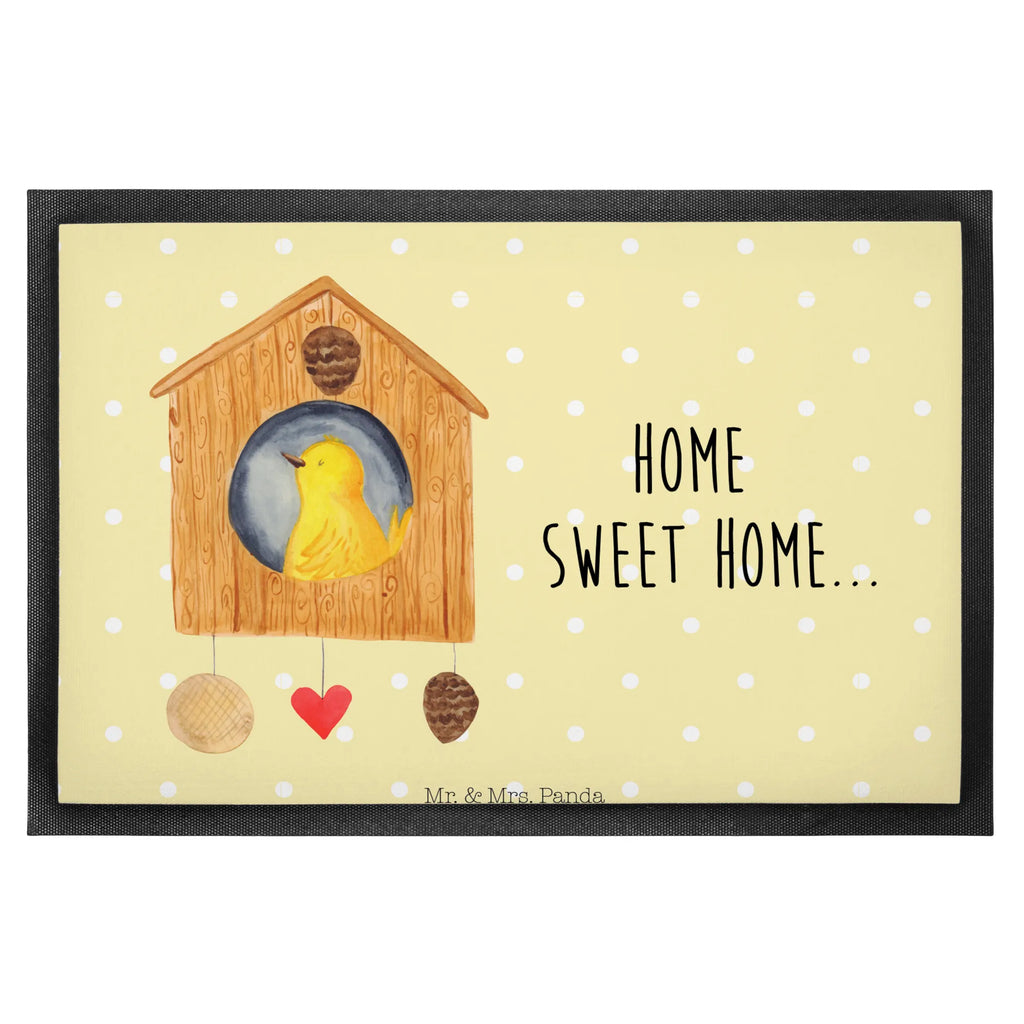 Fußmatte Vogelhaus Home Haustürmatte, Fußabstreifer außen, Fußabstreifer, Fußabtreter außen, Fußmatte waschbar, Fussmatten online, Vorleger, Fußmatte innen, Fußmatte außen, Fußmatte außen wetterfest, Fußmatten, Schmutzfangmatte waschbar, Fußmatte outdoor, Schmutzfangteppich, Türvorleger, Schmutzfangmatte, Sauberlaufmatte, Schmutzfänger, Eingangsteppich, Gummi Matte, Fußabtreter, Fussmatten, Motivfußmatte, Gummimatte, Türmatte, Matte, Schmutzmatte, Tiermotive, Gute Laune, lustige Sprüche, Tiere, Home sweet Home, Hausbau, Umzug, Einzugsgeschenk, Geschenk, Einzug, Vogel, Haus, Vogelhaus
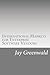 International Markets for Enterprise Software Vendors: Europe, East Asia, Latin America, Rest of World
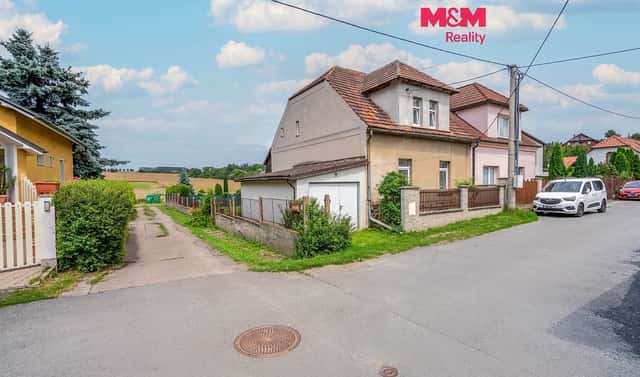 Prodej domu 227 m² s pozemkem 357 m², Sedlecká, Zdiby – Veltěž, okres Praha-východ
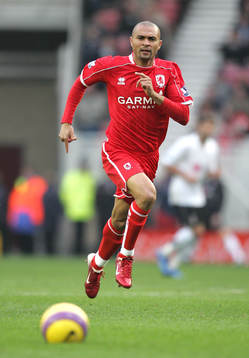 Afonso Alves, Middlesbrough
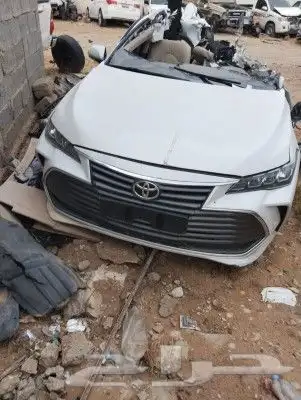 قطع غيار افلون وكامري مديل حديث مكاين قيور وكاله 0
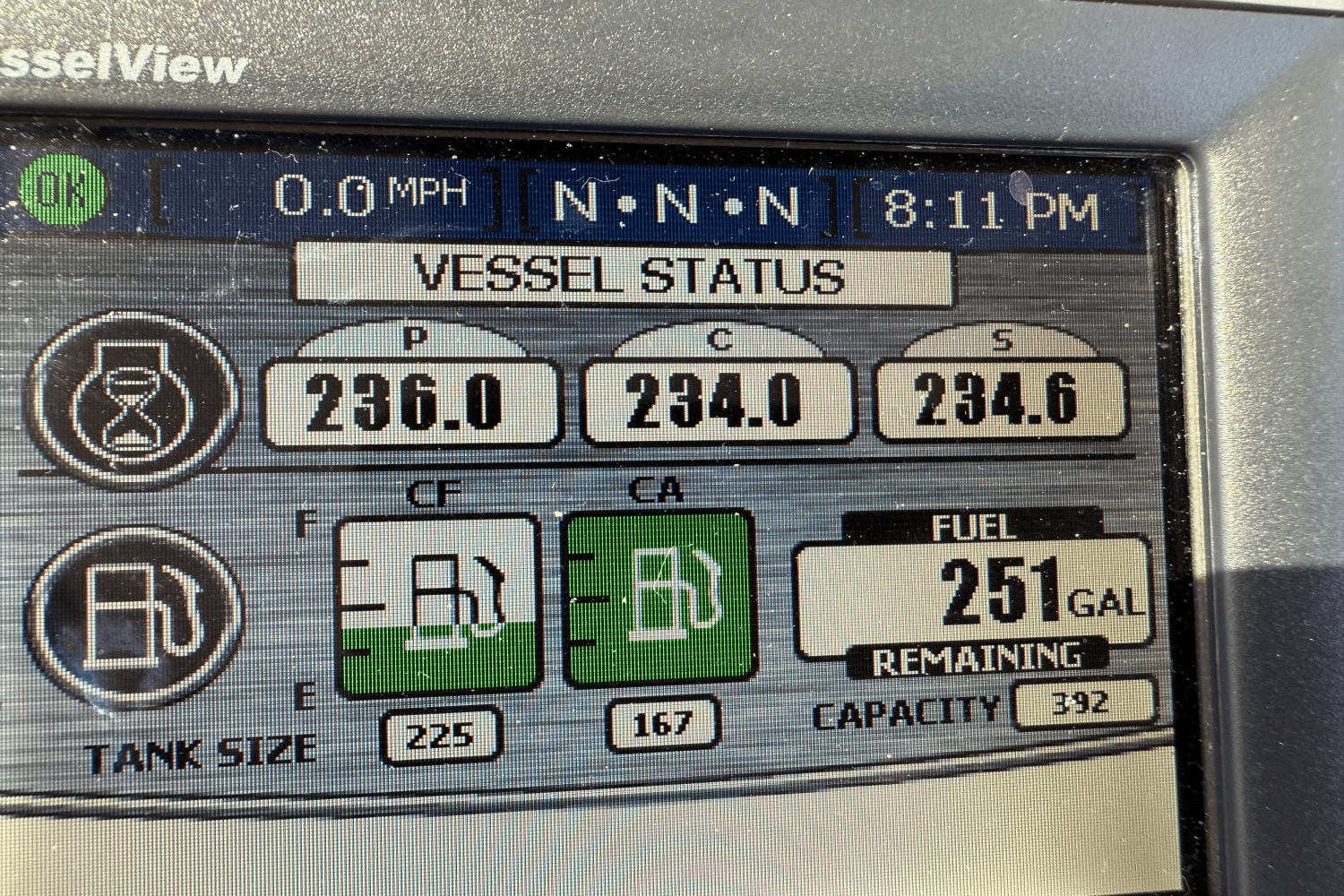 2013 Boston Whaler 345 CONQUEST Image Thumbnail #37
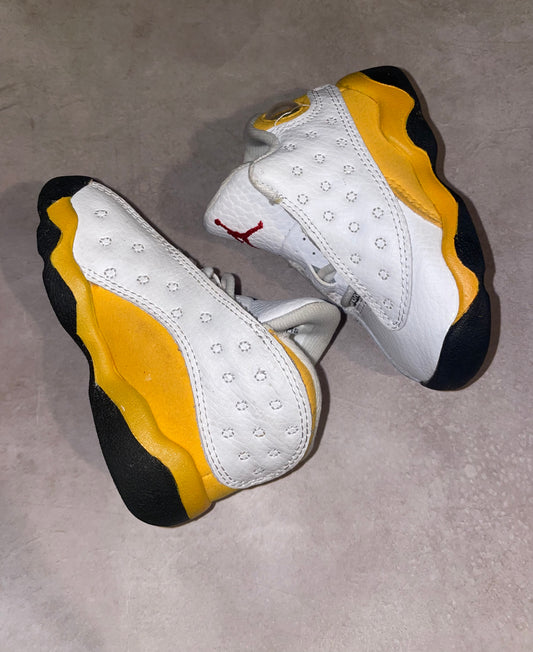 4c Air Jordan 13
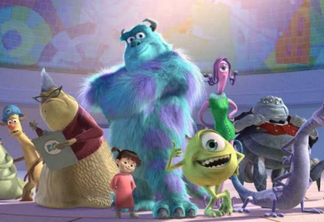 Pixar cancelou continuação de Monstros S.A., que teria um final devastador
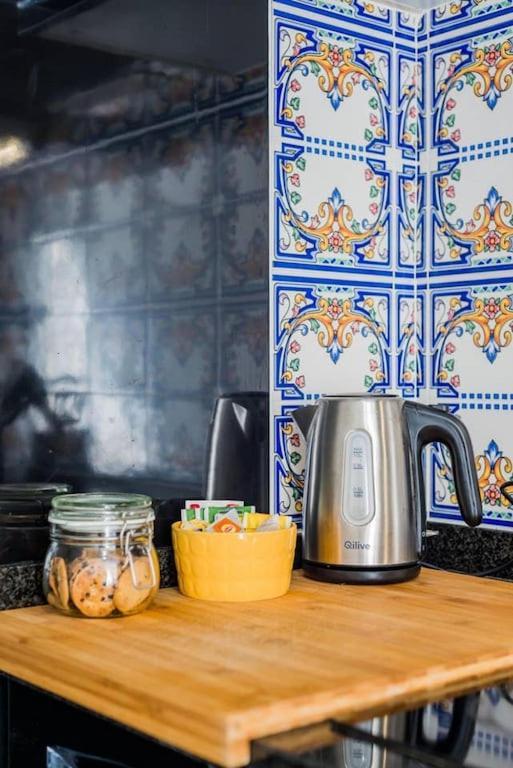 Apartamento Lar Doce Lar Porto 加亚新城 外观 照片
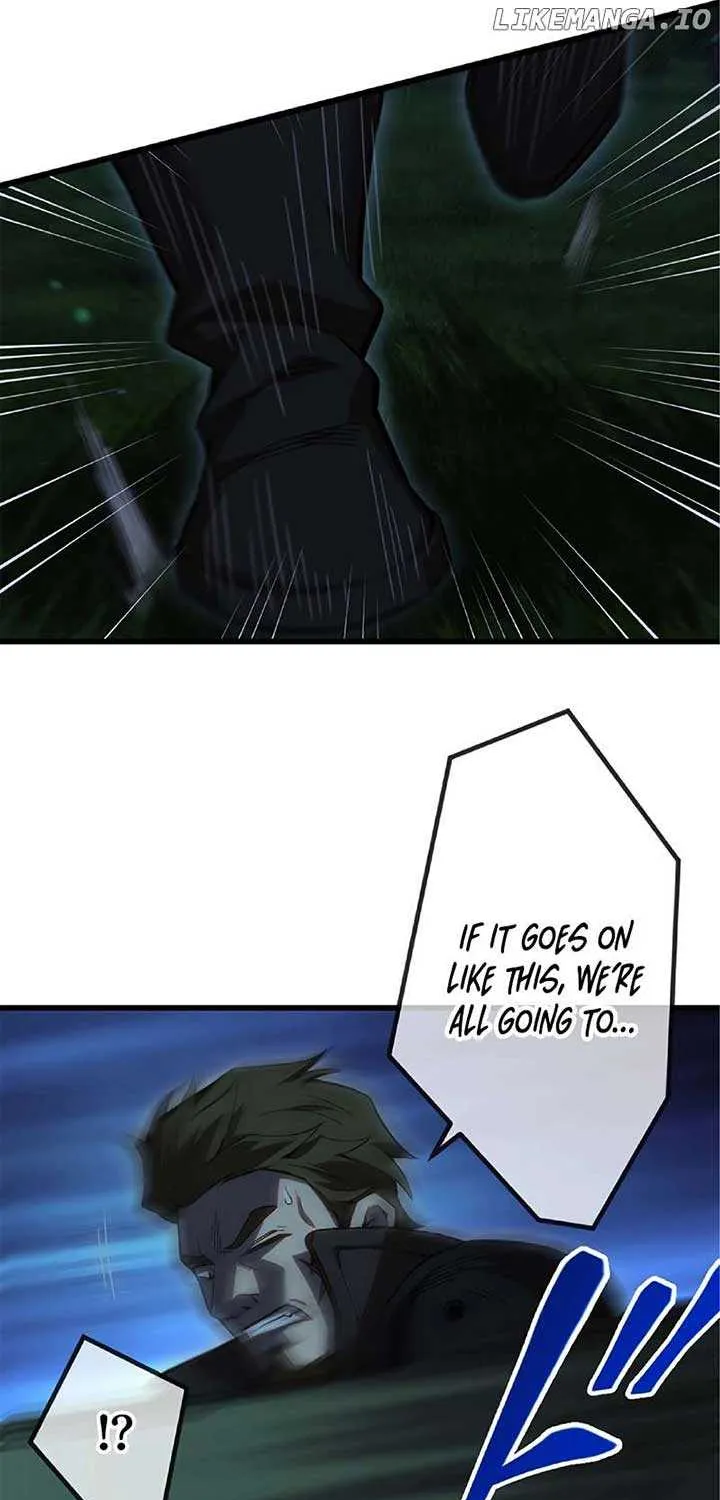 The Awakening of light Magic Chapter 28 page 22 - 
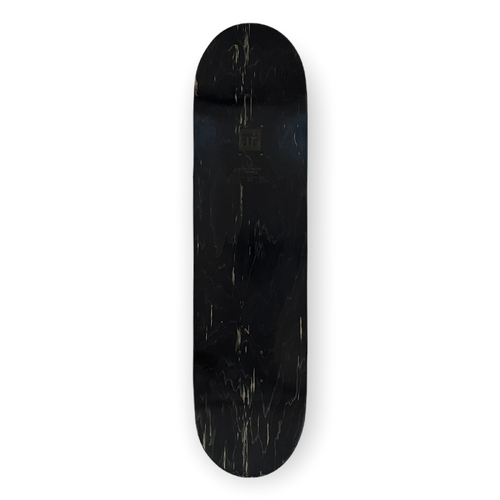 Eternal Deck Shine Straw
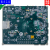可开专/普票】ZedBoard Zynq-7000 ARM/Xilinx FPGA RISC-V开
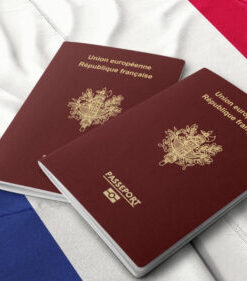 PASSPORTS OF FRENCH-SPEAKING COUNTRIES | Legit DOCS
::::::::::
■ Task to complete ■
Once you reach the line containing "International Markets for", print it and every line after it exactly, through the end of the entries, without any pictures.

■ Solved exercise ■
 International Markets for Enterprise Software Vendors: Europe, East Asia, Latin America, Rest of World
 Prodej domu 227 m² s pozemkem 357 m², Sedlecká, Zdiby – Veltěž, okres Praha-východ
 Afonso Alves, Middlesbrough
 قطع غيار افلون وكامري مديل حديث مكاين قيور وكاله 0
 2013 Boston Whaler 345 CONQUEST Image Thumbnail #37
 4c Air Jordan 13
 Pixar cancelou continuação de Monstros S.A., que teria um final devastador
 Apartamento Lar Doce Lar Porto 加亚新城 外观 照片
 The Awakening of light Magic Chapter 28 page 22 - 
 Eternal Deck Shine Straw
可开专/普票】ZedBoard Zynq-7000 ARM/Xilinx FPGA RISC-V开
 PASSPORTS OF FRENCH-SPEAKING COUNTRIES | Legit DOCS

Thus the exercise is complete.